Mr Matthews has written a book, Fighting Monsters, which describes the brutal reality of sometimes chaotic battles in Iraq and Syria.
It describes his friendship with fellow British volunteers Konstandinos Erik Scurfield and Jac Holmes, who were among eight UK YPG fighters so far killed in Syria.
Mr Matthews counts himself lucky to survive a year of bloody advances against Isis, and decided to return home in February 2016.
He was arrested at Portsmouth ferry port, then questioned, strip-searched and had his passport, laptop, phone and belongings seized.
While being interrogated about his purpose, he recalls a police officer remarking: “Well, the YPG aren’t on the proscribed list, but Turkey, which is a Nato ally, says they’re terrorists, so…”.
It took another two years on bail for the attorney general to authorise a terror charge, and he lost a teaching job as a result.
But on 31 July, the Crown Prosecution Service (CPS) announced that it would offer no evidence against Mr Matthews at the Old Bailey, and the case was dropped.
A CPS spokesperson said: “As a result of new evidence, specific to this case, we concluded there was no longer a realistic prospect of conviction. As such, the prosecution offered no evidence against Mr Matthews.”
In court, his lawyers had questioned whether “pressure from an oppressive foreign government has begun to influence the decisions of the UK legal authorities”.
They said Mr Matthews did not join YPG to advance a “religious, political, racial or ideological” cause, which is the definition of terrorism in British law.
“The defendant understood that his actions were in line with the foreign policy objections of HM government,” said a defence statement seen by The Independent.
Although the government considers the YPG to have “ideological and organisational links” to proscribed Kurdish terrorist group the PKK, it considers them separate organisations.
Alastair Lyon, a solicitor who represented Mr Matthews, told The Independent the case was “bonkers” and accused authorities of treating YPG volunteers “in a completely random way”.
“There remains no answer from the authorities as to why this case was brought or why it was dropped,” said the lawyer, of Birnberg Peirce.
“On its face, this case is a clear example of how terrorism laws of such breadth and legal uncertainty can be used to target blameless individuals for political benefit.”
A spokesperson for the attorney general’s office said: “The CPS is operationally independent and makes its decisions to prosecute independently of government.”
Mr Matthews is now living in Britain and teaches English at a private language school in London, but fears the legal ordeal will haunt him.
He was “interrogated strenuously” before being allowed to fly to Russia during a period on unconditional bail and believes he may be on a watchlist.

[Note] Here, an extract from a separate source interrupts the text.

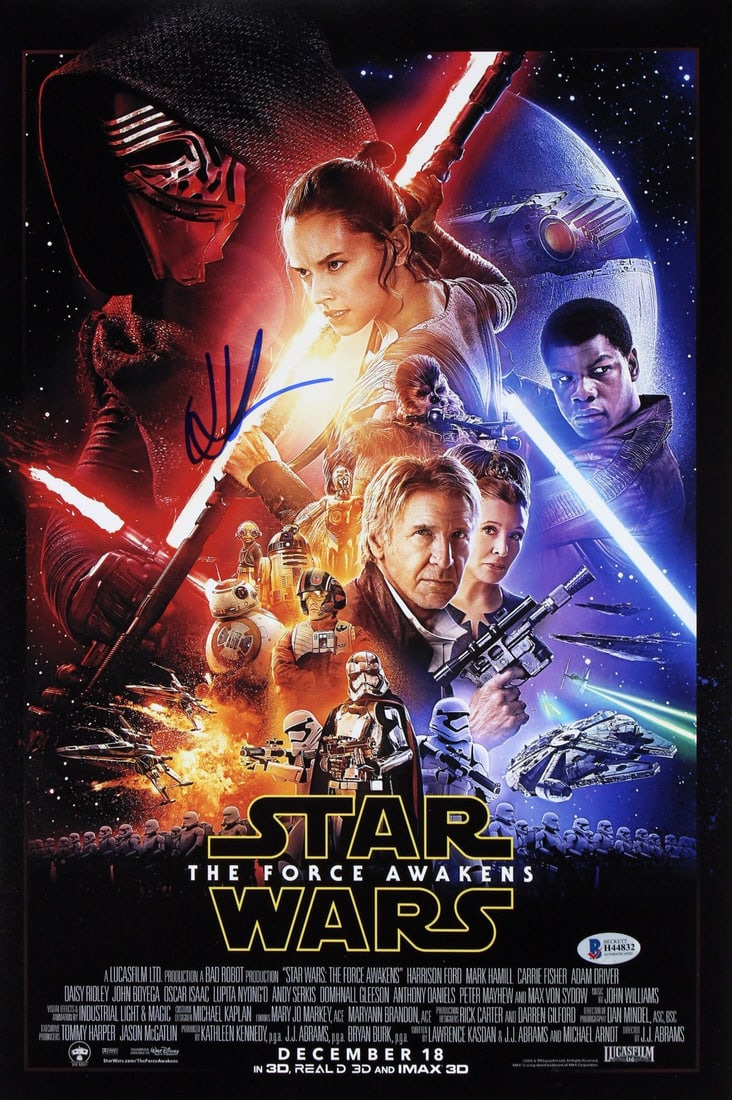 J.J. Abrams Signed 12x18 Star Wars The Force Awakens Photo BAS Authenticated: J.J. Abrams Signed 12x18 Star Wars The Force Awakens Photo BAS Authenticated This authentic 12x18 photograph features the signature of J.J. Abrams, the renowned filmmaker behind Star Wars: The Force A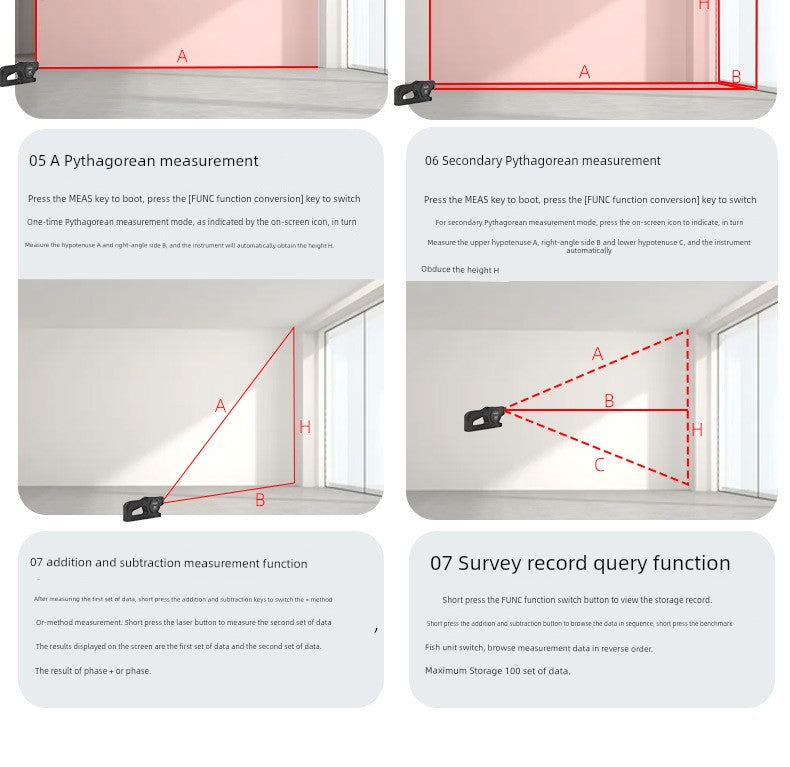 Load image into Gallery viewer, Wintape Laser Intelligence Digital Measuring Scale Digital Display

“If I had that experience again I wouldn’t be at all surprised,” he added. “It has been tough, I’d be lying if I said it wasn’t. I came back from a year of war straight into being arrested, so it’s been testing.”
A spokesperson for the Metropolitan Police said: “Police actively seek to investigate everyone who returns from taking part in the conflict in Syria or Iraq, to determine if they have committed criminal offences and to ensure that they do not pose a threat. “Any decision on whether to prosecute is taken by the CPS on a case-by-case basis.”
A Home Office spokesperson said that the government advises against all travel to Syria and parts of Iraq.
“Anyone who does travel to these areas, for whatever reason, is putting themselves in considerable danger,” a statement added.
“Everyone who returns from taking part in the conflict must expect to be investigated by the police.”